Oregon Supreme Court
Jan 10, 1928
123 Or. 539 (Or. 1928)

Opinion

Submitted on briefs July 12, 1927 Argued on rehearing December 6, 1927

Affirmed September 20, 1927 Reversed on rehearing January 10, 1928

From Marion: PERCY R. KELLY, Judge.

For appellant there was a brief over the names of Messrs. Carey Kerr, Mr. Charles A. Hart and Mr. Marvin K. Holland.

For respondent there was a brief over the names of Mr. William H. Trindle and Mr. W.C. Winslow.

For appellant there was a brief over the names of Messrs. Carey Kerr and Mr. Marvin K. Holland, with an oral argument by Mr. Charles A. Hart

For respondent there was a brief and oral arguments by Mr. W.H. Trindle and Mr. W.C. Winslow.


In Banc.

AFFIRMED.


This is an action to recover commissions on renewal premiums under an agency contract into which plaintiff and defendant insurance company entered on March 24, 1917. The contract continued in effect until June 8, 1921, when it was terminated by the defendant. The controversy arose over the payment of commission upon renewal premiums which accrued and were paid within four years after the termination of the contract. The agreement, in part, provides:

"(7) If the agent shall neglect to report and pay over premiums collected by him as provided herein, or shall otherwise violate any of the provisions hereof, all of his rights under this contract, including the right to commissions on all premiums payable thereafter and on renewals of all policies written hereunder, shall thereby forthwith terminate. * *

"(9) All moneys and other property collected or received by the Agent for or on behalf of the Company shall be held in a fiduciary capacity, and shall not be used by him for any purpose whatsoever except as herein specifically authorized, but shall be delivered as soon as possible to the Company, or to the cashier at the Branch Office to which the Agent reports, or to his Manager or other authorized representative of the Company upon demand.

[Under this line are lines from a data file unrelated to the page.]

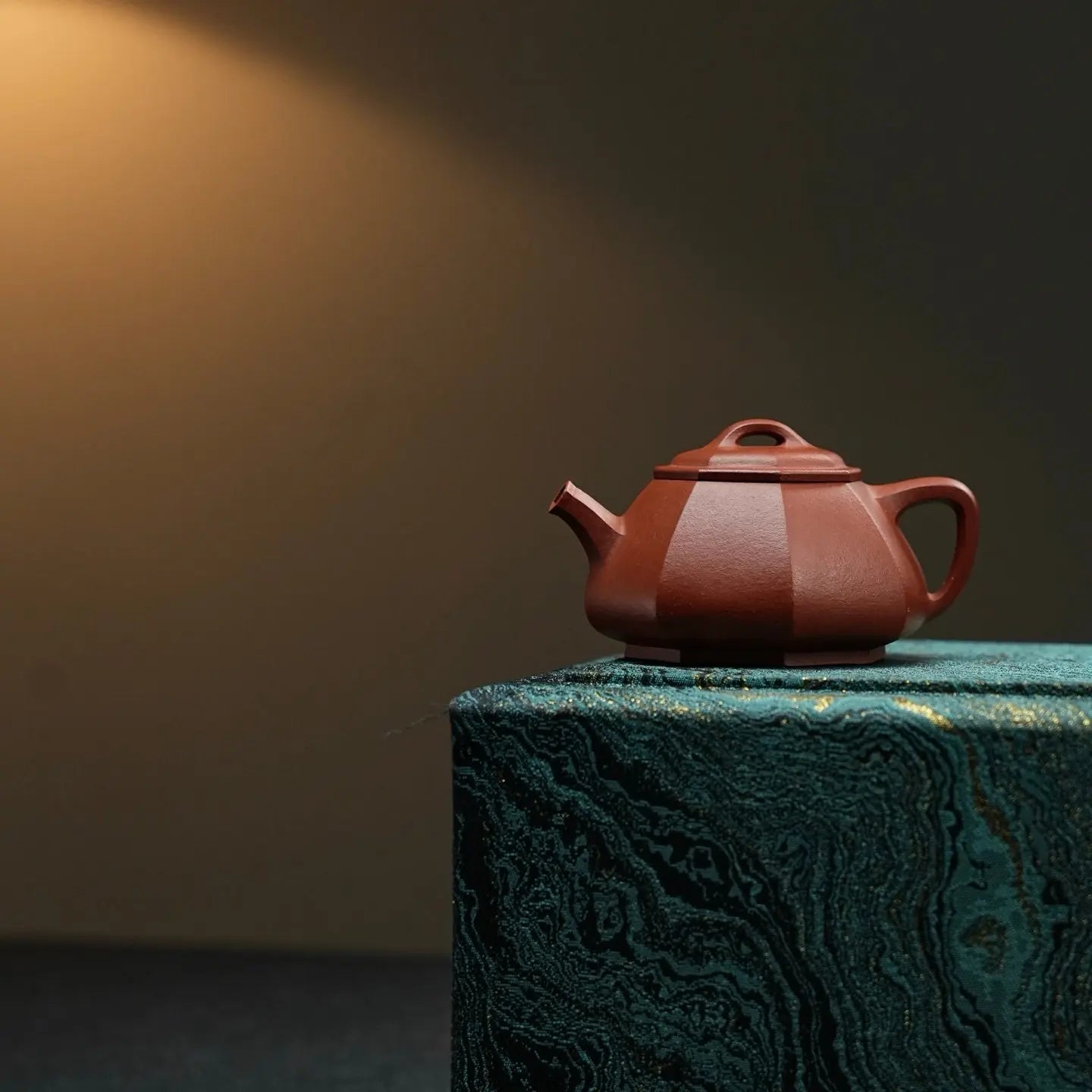 Ba Fang Jing Piao 180cc - Yixing Handmade Teapot 江苏宜兴
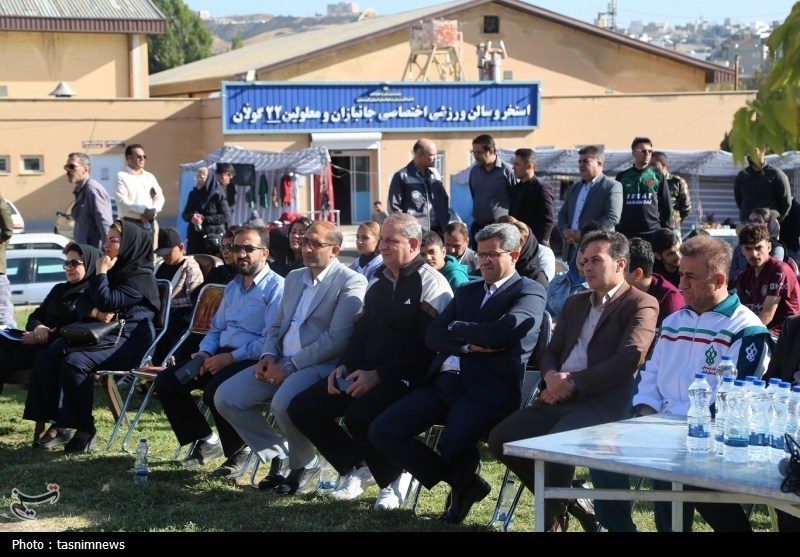 درختکاری در سنندج/"یک قهرمان یک نهال"+تصویر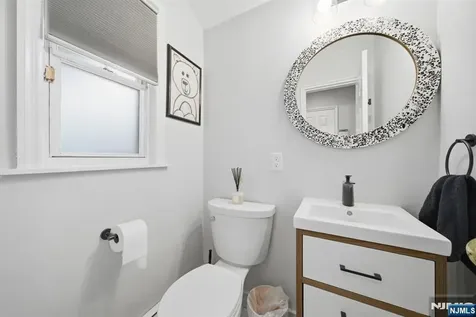 126 Sussex Road Tenafly NJ 07670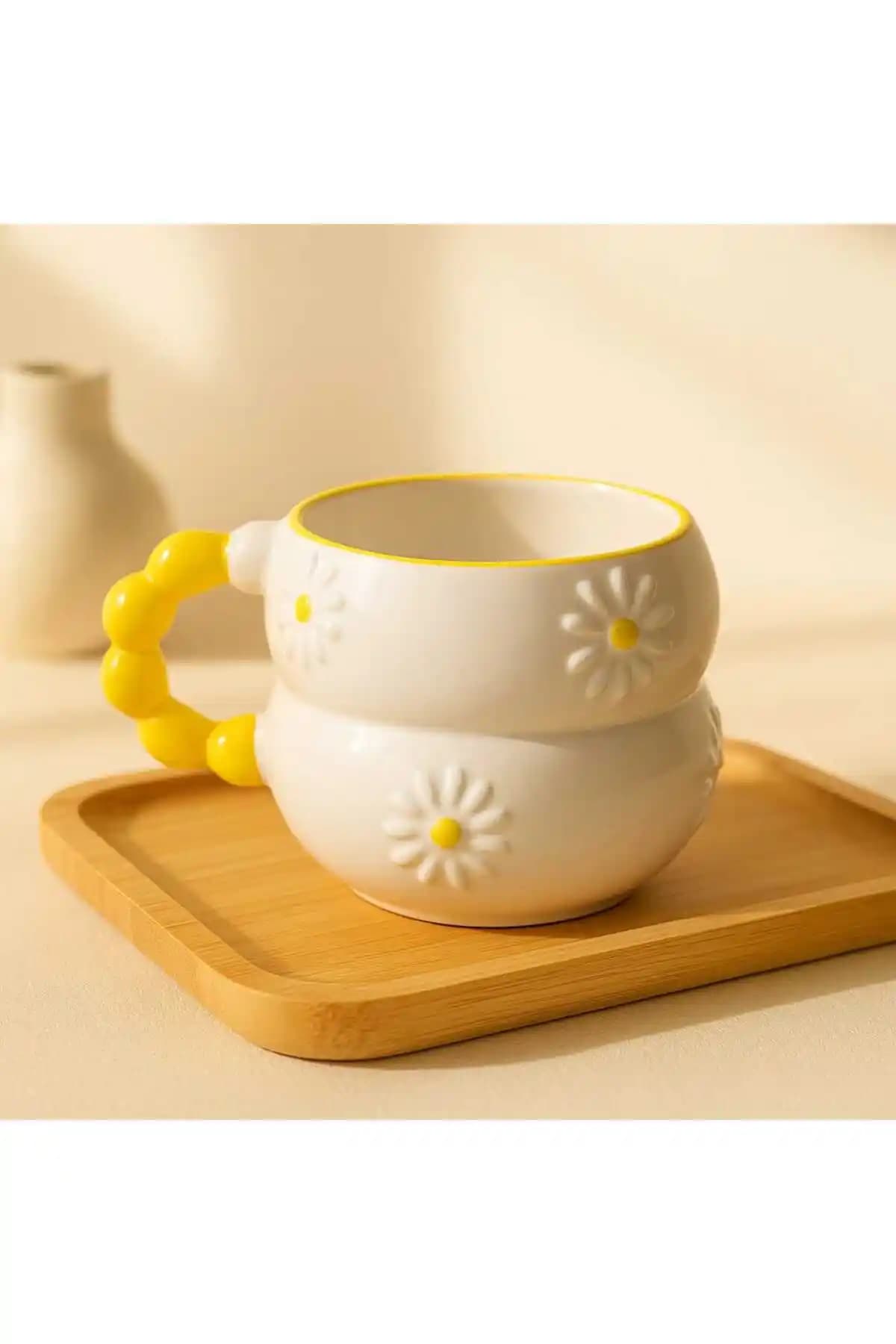İZart Boncuk Kulp Sarı Papatya Seramik Kupa: Estetik ve Fonksiyonellik Bir Arada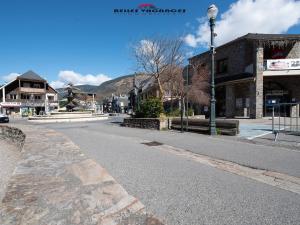 Appartements Duplex ensoleille pour 6 pers avec balcon, parking et proche des remontees mecaniques a Saint Lary - FR-1-296-265 : photos des chambres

"PART 2. ON RENEWAL PREMIUMS.

"* * If this contract shall be terminated after the Agent has been continuously in the service of the Company for five years, except for violation of his obligations hereunder, or shall be terminated by the death of the Agent prior thereto, the Company will pay to his executors or administrators, or to such person as he may designate with the consent of the Company, the commissions at the above rates on renewal premiums for a period of five years from the date of the termination of the contract; but in no case shall any commission on renewal premiums be payable on any Life or Endowment policy after the tenth year of insurance or on any Term policy after the fifth year of insurance.

"If this contract shall be terminated before the Agent has been continuously in the service of the Company for five years for any cause except the death of the Agent, (when renewal commissions as per the preceding paragraph shall be paid,) and if the Agent has not violated any of his obligations hereunder, the Company will pay to the Agent, or to such person as he may designate with the consent of the Company, commissions on renewal premiums at the above rates for the period stipulated in the following table; but in no case shall commissions on renewal premiums be payable on Term policies after the fifth year of insurance. * *

"(19) Either party to this contract may terminate same by giving to the other party seven days' notice in writing to that effect, and the power of the Agent to collect and receive premiums shall cease with the termination of this contract."

Plaintiff alleges performance of the above contract and a waiver of the strict performance of that portion thereof designated as paragraphs 7 and 9, pertaining to the remittance to the insurance company of premiums collected by him.

The defendant insurance company contends that plaintiff is not entitled to commissions on renewal premiums for two reasons: (1) that he breached the contract by failing to remit premiums in accordance with its terms; (2) that, in violation of the terms of the contract, plaintiff, within a year after termination thereof, entered into the employment of a competitive life insurance company doing business within the district specified in the agency contract. The cause was submitted to a jury and a verdict returned in favor of plaintiff for $1,074.86. Defendant appeals.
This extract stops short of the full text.